Assim como o “lugar”, o “símbolo” é muito importante. O “símbolo” é algo que carregamos em nós e que gostaríamos que os outros vissem e, talvez, também vivessem. Ao mesmo tempo que é a visualização de um compromisso, é a vontade de partilhá-lo com os outros. É tão pessoal que tem vontade de ser dos outros. Falando essas coisas, temos consciência que estamos vivendo a descoberta dessa novidade no modo de encarar o processo de educação na fé. Ao mesmo tempo em que falamos de “coisas já sabidas”, faz-se necessário dizer o mesmo de outra forma. Foi uma graça descobrir que uma leitura “racionalizante” do processo de educação na fé pode diminuir o sabor daquilo que é oferecido. Precisamos degustar os “momentos”, “processos”, “lugares”, “símbolos” e “místicas”. O que segue, portanto, são algumas reflexões iniciais, ainda provisórias, dentro de uma nova modalidade de pensar e viver aquilo que conhecemos como “etapas” e “fases” no processo de educação na fé.


PRESSUPOSTOS

Antes da descrição dos “momentos”, é importante termos certa clareza quanto a alguns pressupostos da vivência do “processo”. Coisas que se pressupõem e que enriquecem afirmações que vão ser lidas.

Opções pedagógicas

a)      A crença na importância básica da vivência comunitária, especialmente no grupo. É superficialismo dizer que o grupo deixou de ser importante.
b)      A crença na importância radical de trabalharmos as dimensões da “formação integral”. A “formação integral” se dá quando trabalhamos bem a “personalização”, a “socialização”, a dimensão “teológico-teologal”, a dimensão “política”, a dimensão da “capacitação técnica” e, por fim, a dimensão metodológica, isto é, trabalhar bem a questão do método.
c)      A crença na importância do acompanhamento. Assim como é importante ter alguém que nos acompanhe na caminhada, é decisiva a vontade que temos, em nosso interior, de sermos acompanhados.
d)     A crença no papel fundamental que tem, na vivência do processo, a organização. É a forma concreta de sairmos do isolamento e de ser “povo” e não “massa”, de aprendermos a ser protagonistas no meio em que vivemos. É a forma concreta de aprendermos a viver essa vocação política.
e)      A crença de que a juventude não é uma coisa homogênea, isto é, a crença de que é preciso trabalhar de modo diferenciado, com diversas juventudes, como todas as conseqüências.
f)       A crença de que o método não é algo acidental naquilo que fazemos. O método é que fá um estilo de vida para as pessoas e para as instituições.

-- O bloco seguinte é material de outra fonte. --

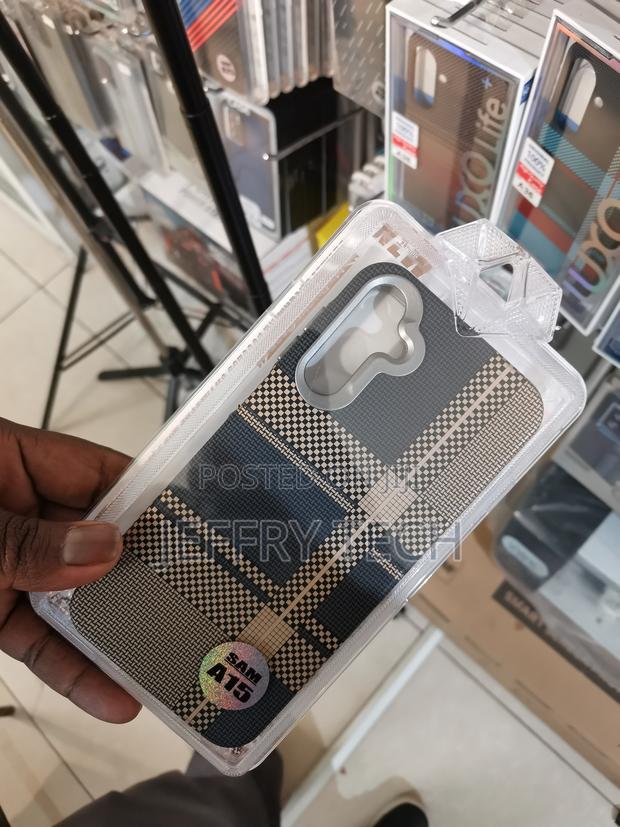 Plastic Back Cover for Samsung Galaxy A15, Multi Color - thumbnail 2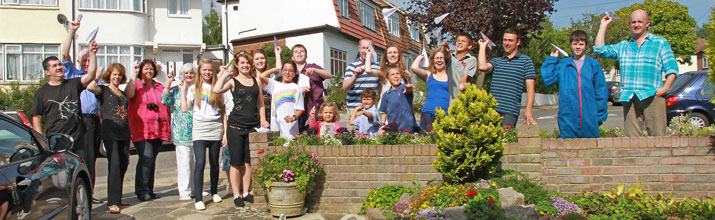 The Finnie Family Fun Party 2011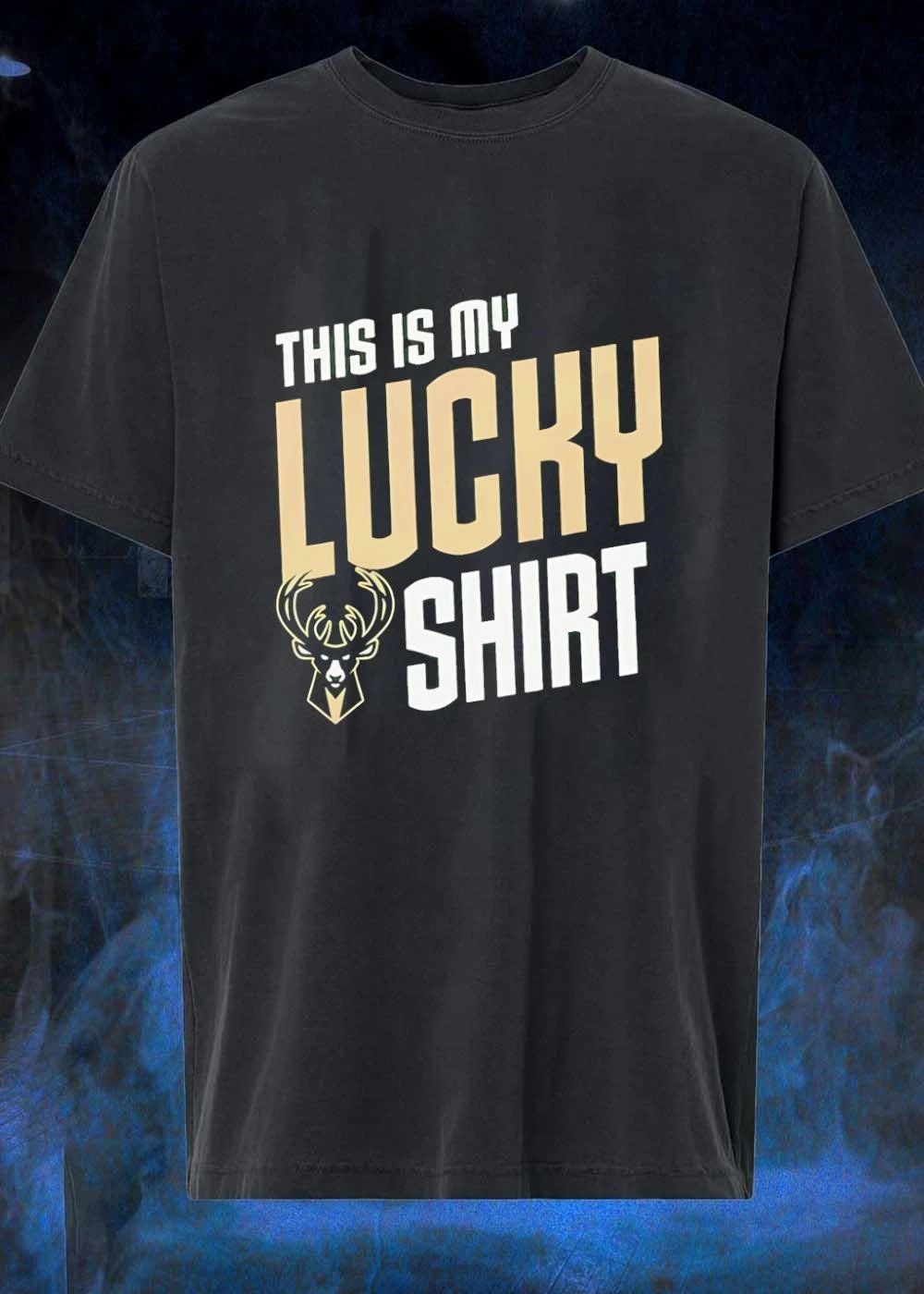 This Is My Lucky Milwaukee Bucks T-Shirt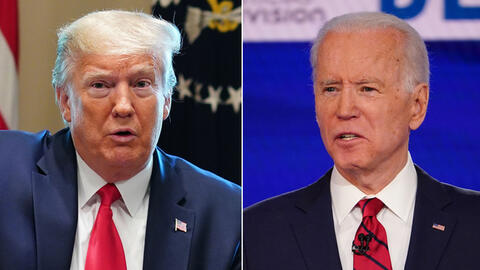 Tổng thống Donald Trump đề nghị xét nghiệm ma túy với ông Joe Biden
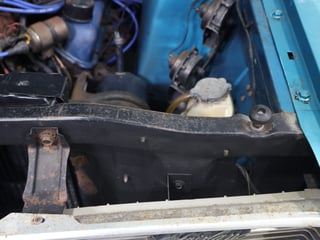 1971 Ford ZD Fairlane 302ci V8 - Teal Glow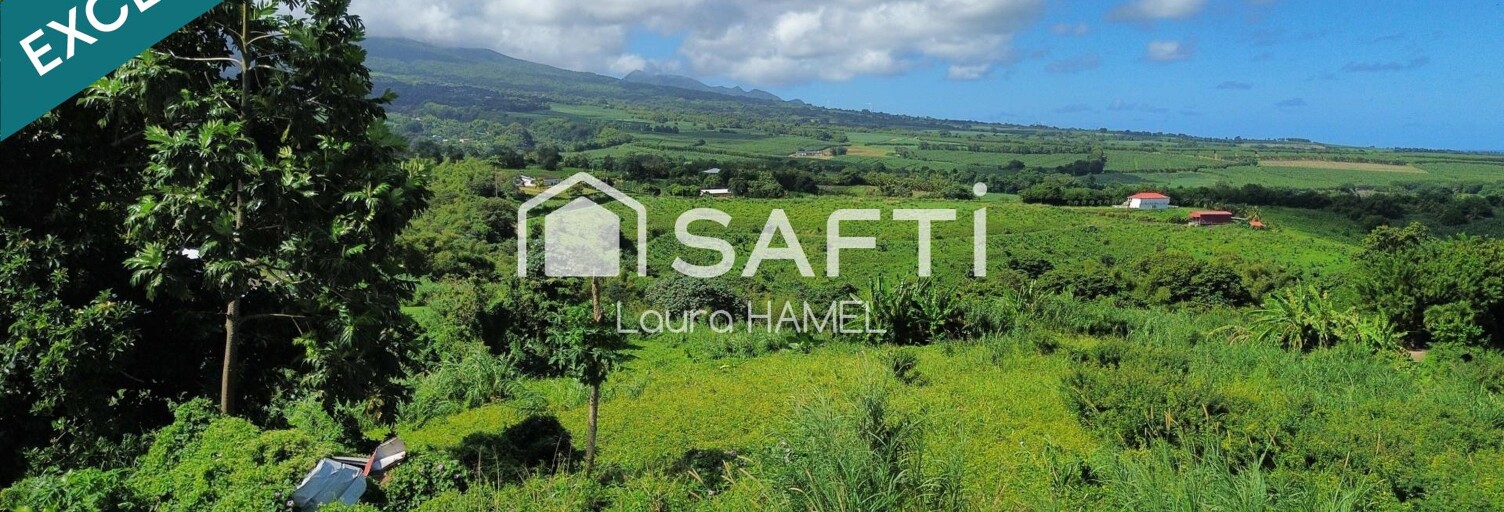 Terrain  8861 m² à vendre à Le Lorrain (97214)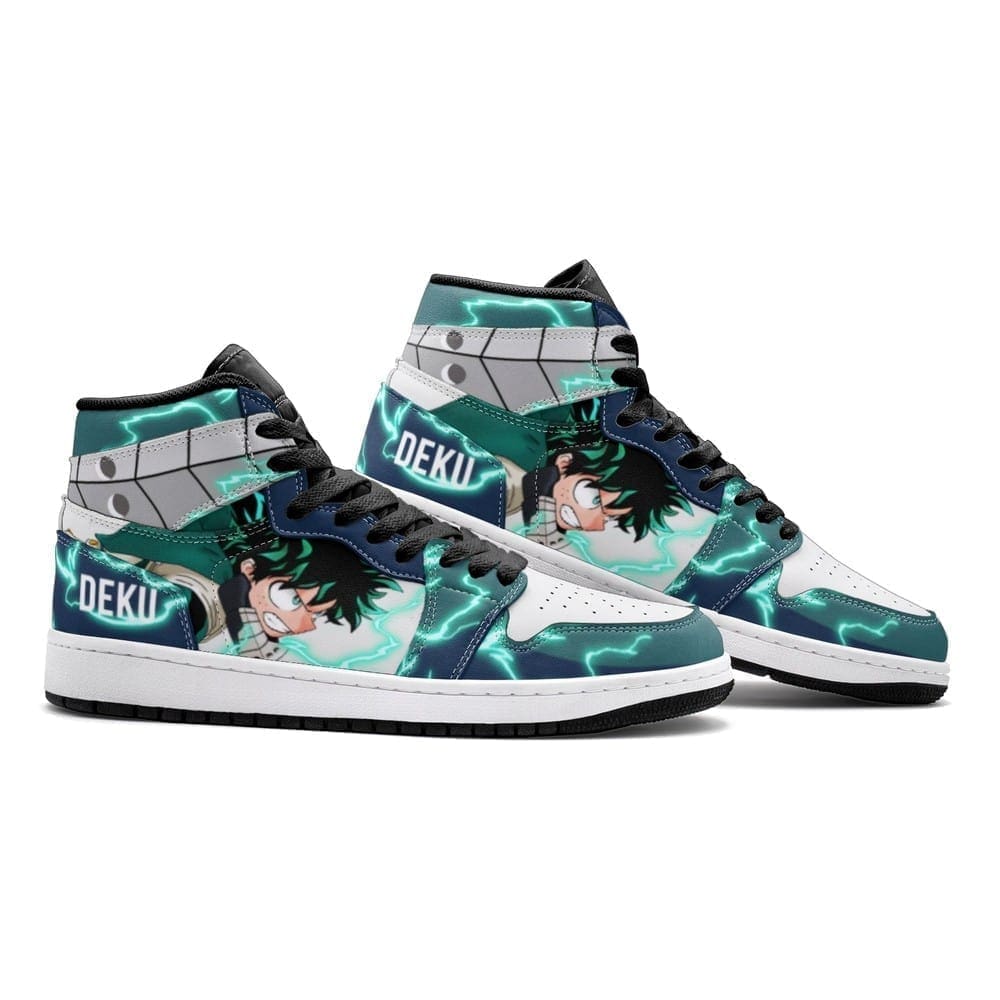 Deku Hand My Hero Air Jordan 1 High Top Shoes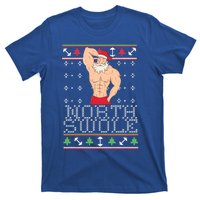 North Swole Great Gift Ugly Christmas Sweater Fit Sexy Santa T-Shirt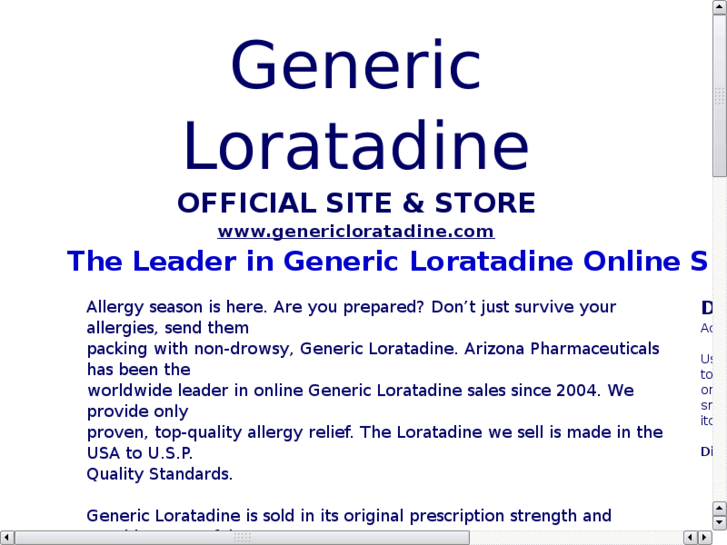 www.genericloratadine.com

Dialeticidade dos “momentos”

Embora falemos de “momentos” insistimos em que os “momentos” não são gavetas uma ao lado da outra. Eles formam um todo. Ao mesmo tempo que são realidades específicas, elas não deixam nunca de existir. O fato de estar vivendo num momento “A”, o momento “B”, “C”, “D” e “E” não deixam de estar presentes aí, também. Só que, naquele momento, a prioridade é um deles. Quem vive, por exemplo, o momento da descoberta da comunidade não pode deixar de lado a descoberta do comunitário, do grupo, da questão social e, até do projeto de vida, mas naquele momento, é importante que priorize tudo que se relaciona com a descoberta da comunidade. O mesmo vale para os outros “momentos”.

Falamos essas evidências porque temos a tendência de esquecer essa dinamicidade que existe na “travessia da fé”. Achamos que se nos encontramos em Jerusalém (lugar teológico), podemos deixar de lado Nazaré (lugar teológico): se já temos um tempo de caminhada, certas coisas que vivemos no tempo da “personalização” não soa mais importantes etc. Esquecemo-nos que um grupo que seta nos seus inícios, com suas características de personalização, esse grupo também tem suas “lutas” (e não somente os que já descobriram que devem meter-se nos organismos intermediários da sociedade civil, etc.). É uma ameaça a visão estática de todo o processo, O processo é vida e a vida não se deixa prender.